Along with S-allyl-cysteine, aged garlic also produces other antioxidants like S-allylmercaptocysteine, polyphenols, flavonoids and other lipid and water soluble organosulfur compounds. The process of garlic fermentation also likewise increases some of the "antioxidant nutrients", such as zinc and selenium.
Because blackened aged garlic is much lower in moisture content its amino acids and other nutritional properties are considerably more concentrated. It is, in fact, identified in some research to have over 4 times as much polyphenol and flavonoid content.
Fermenting garlic produces a sweet, tangy, mild umami-like flavor and removes the spicy pungent qualities, making it easier to digest for some people. It is often better tolerated by those with heat sensitivities or a Pitta body type. Because of the diminished allicin content, it also doesn't give you "garlic breath" like the fresh variety.
After raw garlic is aged, it is higher in fiber, protein and certain minerals are also known to be increased, such as zinc, potassium, magnesium, iron, manganese, phosphorous and selenium.
Some scientific observation shows that black aged garlic has a more acidic pH than fresh garlic, which is 1-2 points more alkaline. According to one study, "the pH of BG [Blk Garlic} significantly decreased from 5.27 to 4.01 during thermal processing, compared with 6.29 for FG [Fresh Garlic}."
In recent years there has been quite a bit of research demonstrating the protective benefits of black garlic consumption for a number of health conditions.
Black fermented garlic has been scientifically acknowledged as beneficial for:
The most popular aged garlic extract is the brand Kyolic, which is not quite the same as the black variety. It is made from garlic that is aged with water and alcohol for 20 months at a controlled ambient temperature.
It then undergoes an extraction process, formed as a powder and encapsulated. They are consequently not black but a light-yellow color.
While black aged garlic is sometimes available in specialty gourmet or Asian markets, it is also sold these days by many online suppliers. We personally always recommended you choose organically certified selections when available.

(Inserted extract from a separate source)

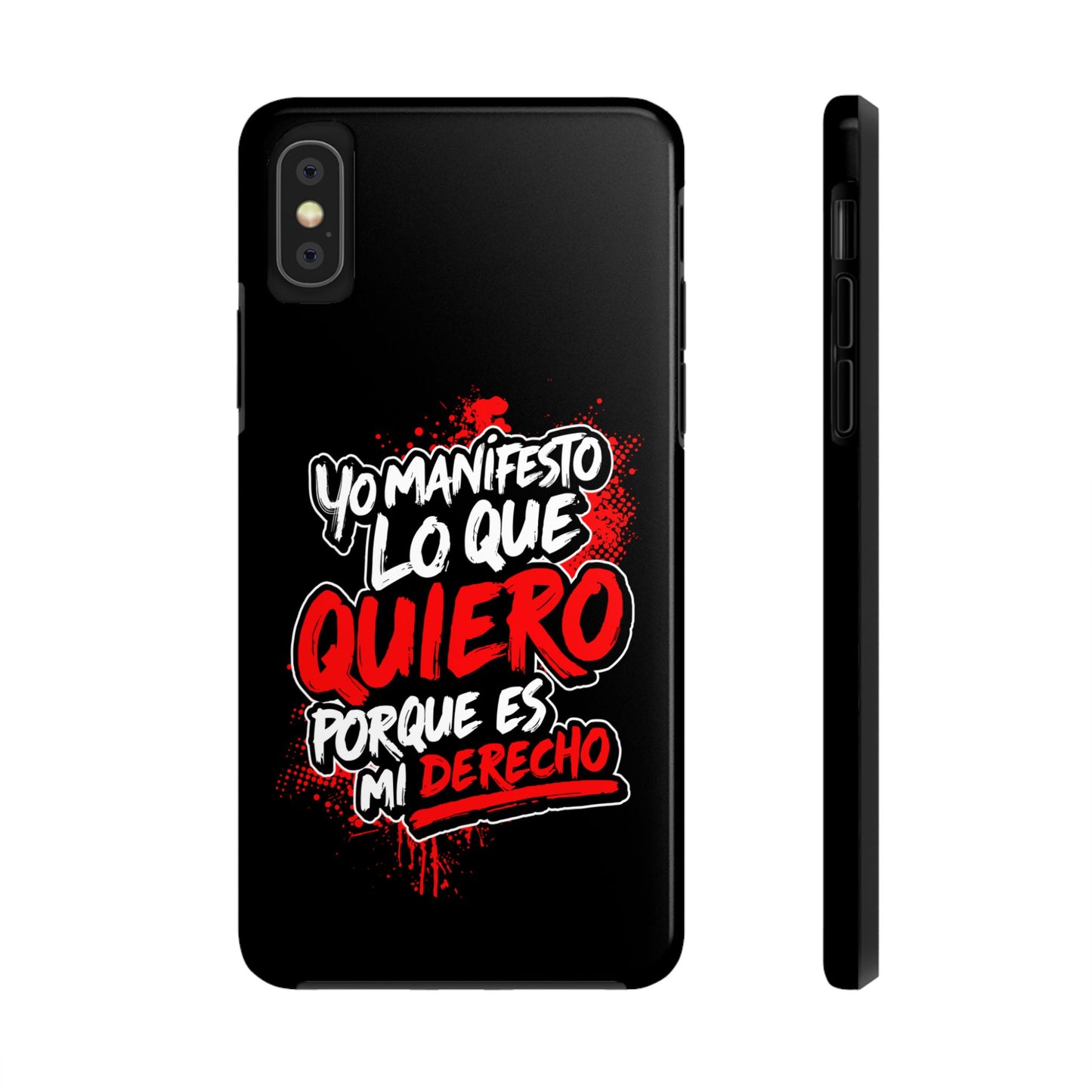 Funda para teléfono "Yo manifiesto lo que quiero" - Negro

The price of black aged garlic bulbs, cloves or supplements can be quite high compared to fresh garlic because of the required fermentation process. However, if you're serious about using it on a regular basis, it can be made DIY style using a rice cooker or a purchased black garlic fermenter.

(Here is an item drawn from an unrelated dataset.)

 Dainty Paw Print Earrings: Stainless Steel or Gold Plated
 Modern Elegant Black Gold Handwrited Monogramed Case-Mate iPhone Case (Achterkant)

The latter is a modern specialized appliance that keeps the garlic at a uniform temperature using a humidity controlled system. You simply place in your whole raw bulbs and push a button. From our research, most brands will ferment or age the garlic in about 8-12 days at a temperature of 100-170°F.
Black aged garlic has a much longer shelf life than raw garlic, but is usually best when preserved in a cool place or refrigerated.
Black garlic does not have an overpowering taste like raw garlic but a tangy subtly sweet flavor and miso paste-like texture.
It is a very versatile ingredient in many savory dishes as well as dressings, soups dips, pates, marinades and sauces.
Because of its rich flavor it is sometimes uniquely utilized with cacao in dessert recipes, like chocolate mousse, truffles or brownies.